Saved entries:
━━━━━━━━

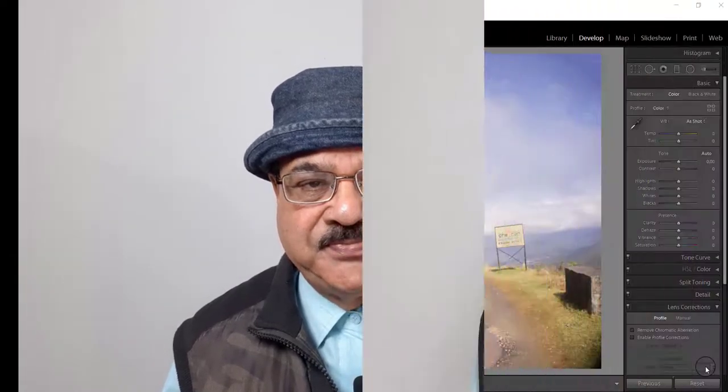Good morning friends, I am Rajendra Prasad and at present you are viewing my channel Raj Photo Tech. In this episode you will learn how to use the graduated filter in Lightroom.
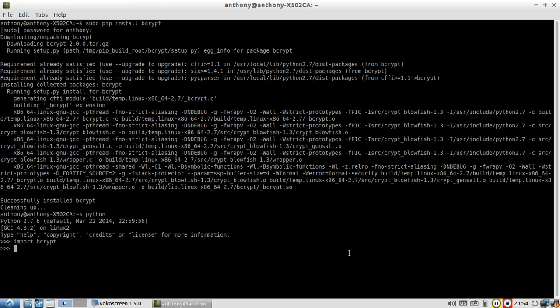So the first thing we're going to use is hash_pw. So I'm going to just create my hashed password. And I'm going to use Bcrypt and the first function is hash_pw. And the first argument of this is going to be the password.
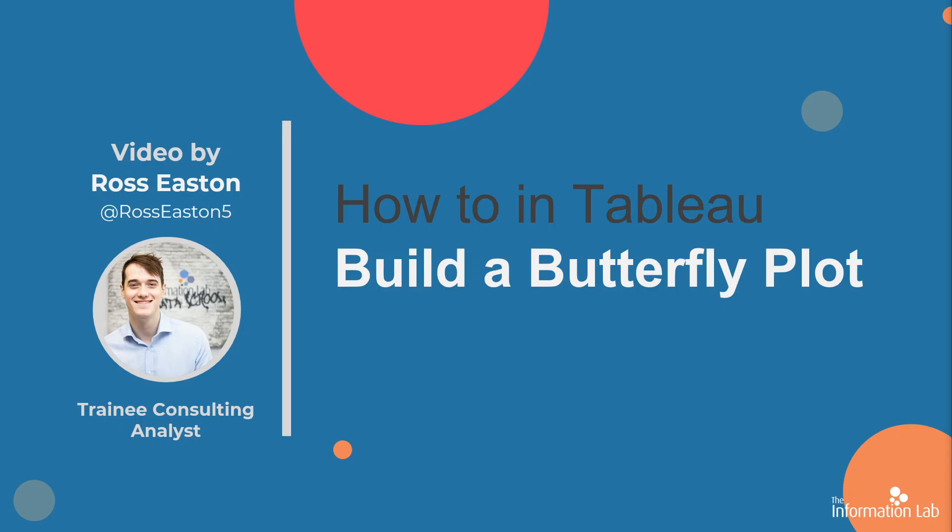Hello everyone. My name is Ross Easton and I am part of the DS17 cohort at the Data School, and today I'm going to be showing you how to build a butterfly plot in Tableau.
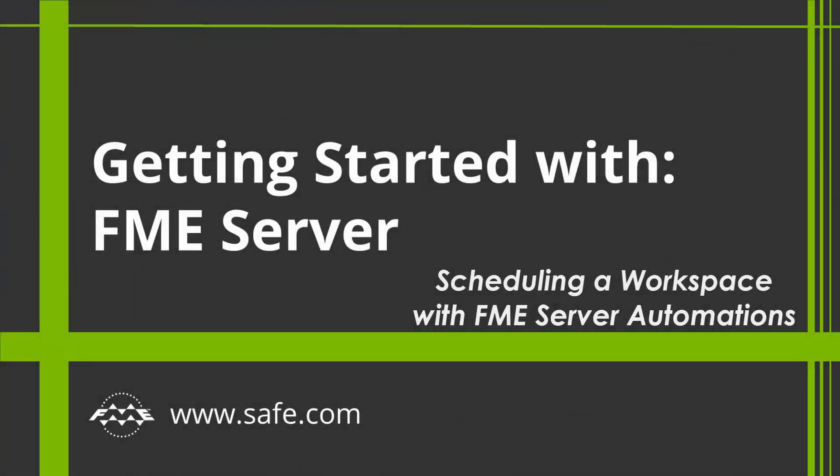Welcome to Getting Started with FME Server. This tutorial gives you hands-on experience with this component of the FME Data Integration Platform.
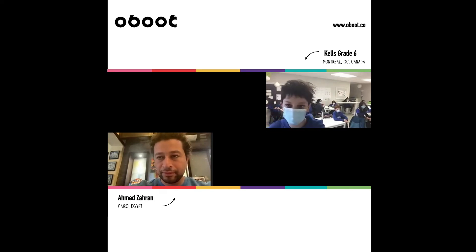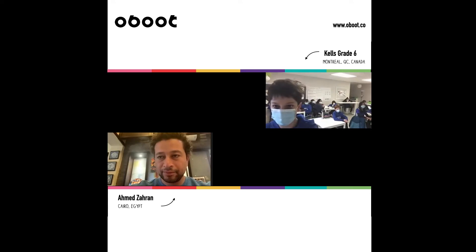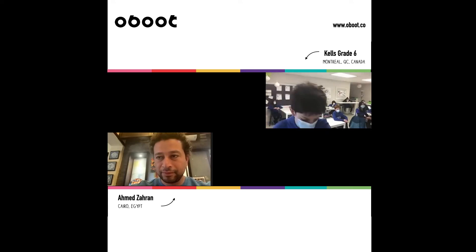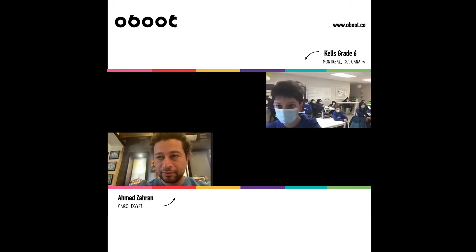Hello Ubutas from around the world and hello Kells Academy. My name is Kais and I'm 12 years old and I am from Montreal, Canada. Today with my friends in grade 6 at Kells Academy, we will be interviewing Ahmed Zahran who is based in Cairo, Egypt.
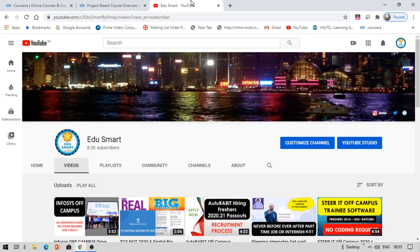Hello crazy people! My name is Vinay and you are watching Edu Smart. Today I am back with another video on free project-based certification courses from Coursera.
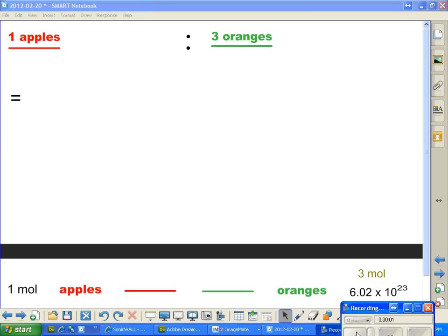In this video, I want to prove to you that a particle ratio can be a molar ratio. And here's how it's going to work. I'm going to compare apples to oranges to take something very simple.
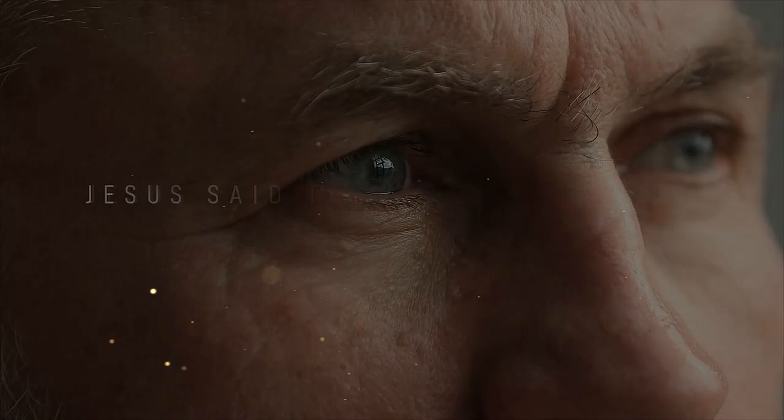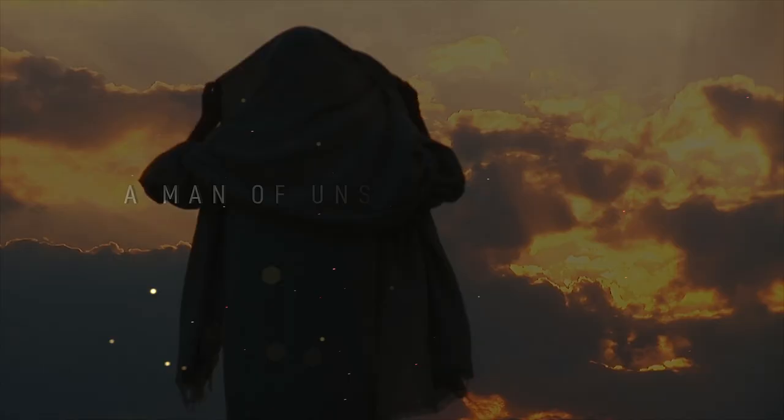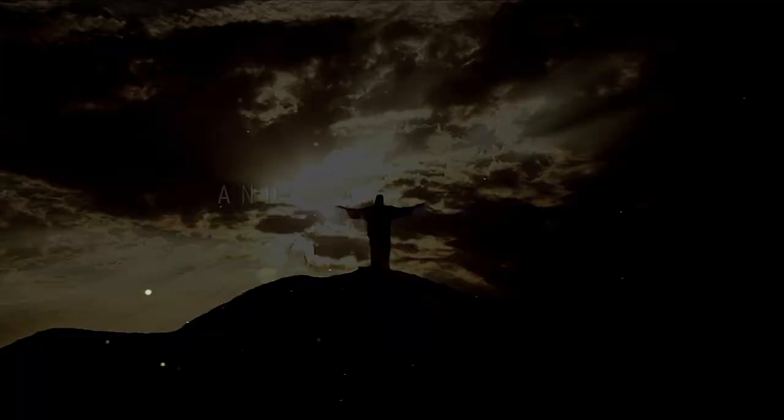Jesus said there was no other prophet greater than John, a man of unshakable faith and fearless character. But sadly, many believe that John lost his faith and doubted that Jesus was the Messiah.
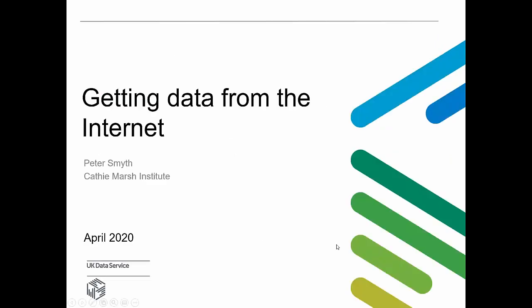Hello everyone, welcome to this UK Data Service webinar on getting data from the internet. Your presenter today will be Peter Smyth of the Cathy Marsh Institute for Social Research at the University of Manchester.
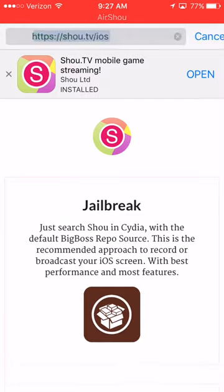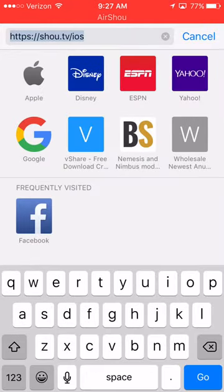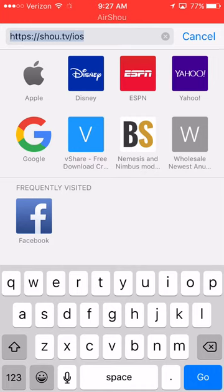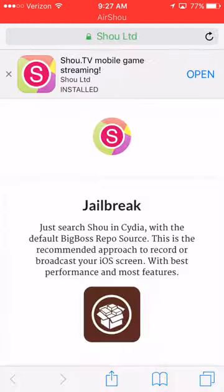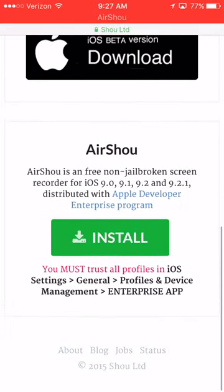And go to this right here, show.tv slash iOS, and it will bring you to the site.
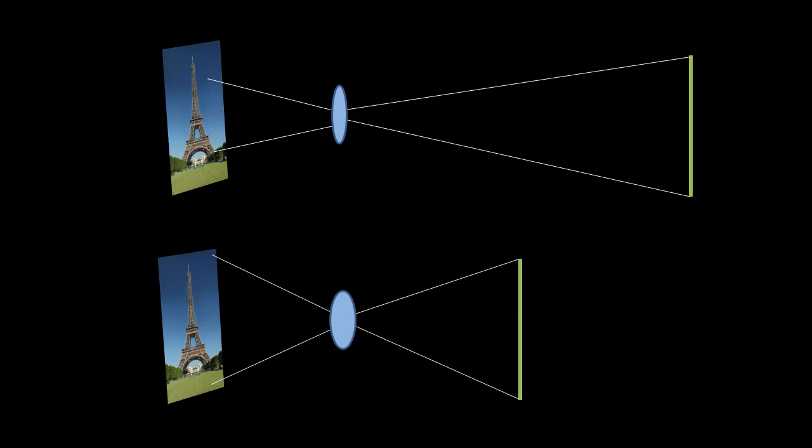Lenses with different focal lengths produce different images. A longer focal length refracts light at a shallower angle, so fewer parts of the scene get focused onto the film, capturing a narrower portion of the scene. With a shorter lens, we get more of the scene — this is why shorter lenses are also known as wide angle lenses. The field of view is the measure of the angle of the portion of the scene captured; the shorter the lens, the wider the field of view.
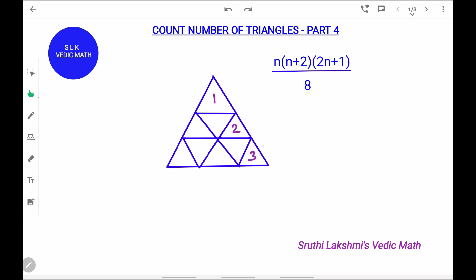So, counting the unit triangles: 1, 2, 3. We substitute the value n = 3. So, n plus 2 is 3 plus 2, which is 5. Next, 2n plus 1: 3 into 2 is 6, and 6 plus 1 is 7, divided by 8.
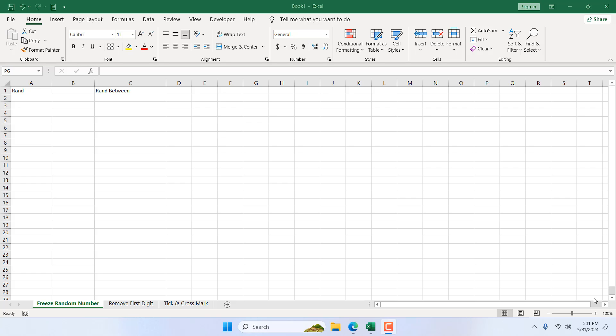How to freeze random numbers in Microsoft Excel. Hello everyone, welcome to Excel 10 Tutorial. In this quick Excel tutorial, I'm going to show you how you can freeze random numbers in Microsoft Excel. Let's get started.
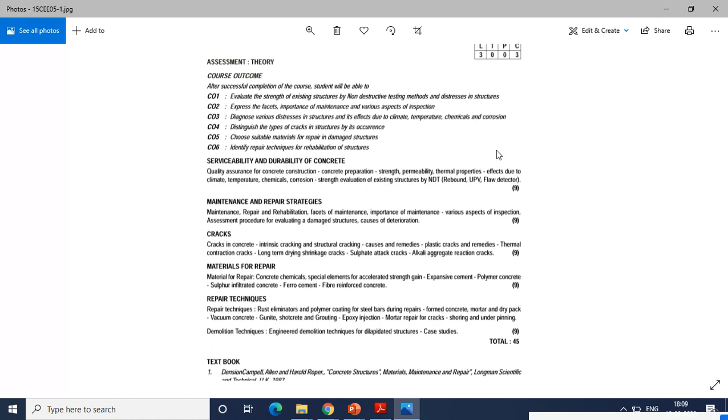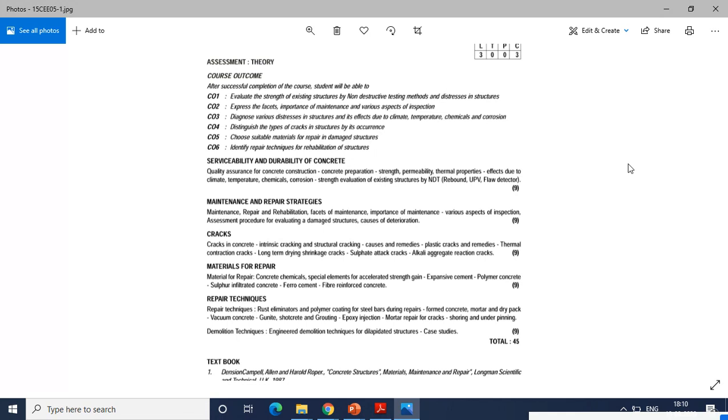It's a fully theoretical subject with no problems. Unit number one is serviceability and durability of concrete. Here you are going to study about quality assurance for concrete construction, how to prepare from other aspects like strength, permeability, thermal properties, and effects due to climatic conditions such as temperature, chemicals, corrosion, and strength evaluation of existing structures by using NDT methods like rebound hammer, ultrasonic pulse velocity, load deflector, etc.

━━━━━━━━

TASK ITEM: An exact reproduction of all the records is required, with no pictures included.

RESULT BELOW:
Good morning friends, I am Rajendra Prasad and at present you are viewing my channel Raj Photo Tech. In this episode you will learn how to use the graduated filter in Lightroom.
So the first thing we're going to use is hash_pw. So I'm going to just create my hashed password. And I'm going to use Bcrypt and the first function is hash_pw. And the first argument of this is going to be the password.
Hello everyone. My name is Ross Easton and I am part of the DS17 cohort at the Data School, and today I'm going to be showing you how to build a butterfly plot in Tableau.
Welcome to Getting Started with FME Server. This tutorial gives you hands-on experience with this component of the FME Data Integration Platform.
Hello Ubutas from around the world and hello Kells Academy. My name is Kais and I'm 12 years old and I am from Montreal, Canada. Today with my friends in grade 6 at Kells Academy, we will be interviewing Ahmed Zahran who is based in Cairo, Egypt.
Hello crazy people! My name is Vinay and you are watching Edu Smart. Today I am back with another video on free project-based certification courses from Coursera.
In this video, I want to prove to you that a particle ratio can be a molar ratio. And here's how it's going to work. I'm going to compare apples to oranges to take something very simple.
Jesus said there was no other prophet greater than John, a man of unshakable faith and fearless character. But sadly, many believe that John lost his faith and doubted that Jesus was the Messiah.
Hello everyone, welcome to this UK Data Service webinar on getting data from the internet. Your presenter today will be Peter Smyth of the Cathy Marsh Institute for Social Research at the University of Manchester.
And go to this right here, show.tv slash iOS, and it will bring you to the site.
Lenses with different focal lengths produce different images. A longer focal length refracts light at a shallower angle, so fewer parts of the scene get focused onto the film, capturing a narrower portion of the scene. With a shorter lens, we get more of the scene — this is why shorter lenses are also known as wide angle lenses. The field of view is the measure of the angle of the portion of the scene captured; the shorter the lens, the wider the field of view.
So, counting the unit triangles: 1, 2, 3. We substitute the value n = 3. So, n plus 2 is 3 plus 2, which is 5. Next, 2n plus 1: 3 into 2 is 6, and 6 plus 1 is 7, divided by 8.
How to freeze random numbers in Microsoft Excel. Hello everyone, welcome to Excel 10 Tutorial. In this quick Excel tutorial, I'm going to show you how you can freeze random numbers in Microsoft Excel. Let's get started.
It's a fully theoretical subject with no problems. Unit number one is serviceability and durability of concrete. Here you are going to study about quality assurance for concrete construction, how to prepare from other aspects like strength, permeability, thermal properties, and effects due to climatic conditions such as temperature, chemicals, corrosion, and strength evaluation of existing structures by using NDT methods like rebound hammer, ultrasonic pulse velocity, load deflector, etc.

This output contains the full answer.